Rolou de tudo nesse lugar: missa, churrascada, bailões

e muitas prendas para se cortejar.

Como em todos os vilarejos, o cenário é parecido,

com igreja, escola, armazém e um cemitério –

o qual estava no limite, as sepulturas pareciam invadir a rua.

Muita gente circulava de um lado para o outro.

Eis que um senhor, distraído, escorou-se no portão do tal cemitério

e o umbral cedeu, veio abaixo e o serzinho

despencou sobre os túmulos.

Houve surpresa geral e muitos risos.

O tal senhor levantou-se e, num riso disfarçado, exclamou:

– Aqui eu não entro não!

Já era tarde... O pobrezinho já estava lá...

No dia seguinte, foi encontrado morto.

 

(B. B. Palermo)


quarta-feira, 20 de novembro de 2024

Pílulas diárias de fofoca

 

– Em Canela, ninguém cumprimenta ninguém!

Em Capão, todo mundo diz “bom dia!”, “tudo bem?”.

Aqui tu anda de bermuda e chinelos e ninguém repara.

Lá na Serra, não.
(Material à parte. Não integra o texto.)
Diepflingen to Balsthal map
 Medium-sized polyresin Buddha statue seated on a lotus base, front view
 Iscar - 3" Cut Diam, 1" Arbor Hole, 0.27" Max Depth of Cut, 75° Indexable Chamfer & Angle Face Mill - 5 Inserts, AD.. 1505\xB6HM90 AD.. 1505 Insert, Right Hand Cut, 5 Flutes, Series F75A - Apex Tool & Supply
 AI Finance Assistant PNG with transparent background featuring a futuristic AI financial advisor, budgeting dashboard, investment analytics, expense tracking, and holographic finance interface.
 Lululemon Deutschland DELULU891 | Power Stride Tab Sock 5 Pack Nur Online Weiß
Se tu se vestir de um jeito simples,

nem te olham!

 

Agora o papo é sobre os bichinhos, os cachorros,

quase sempre vira-latas, “graças a Deus!”.

– É horrível, naqueles dias chuvosos, é terrível.

Eles só fazem xixi na rua. Se não andarem por aí,

gemem, uivam, choram, pedindo pra sair.

Gatos? Não, não! Eu não quero mais saber!

Tinha um macho e uma fêmea.

Tu acredita? Ela só queria fugir.

Até que me abandonou, aquela mal-agradecida!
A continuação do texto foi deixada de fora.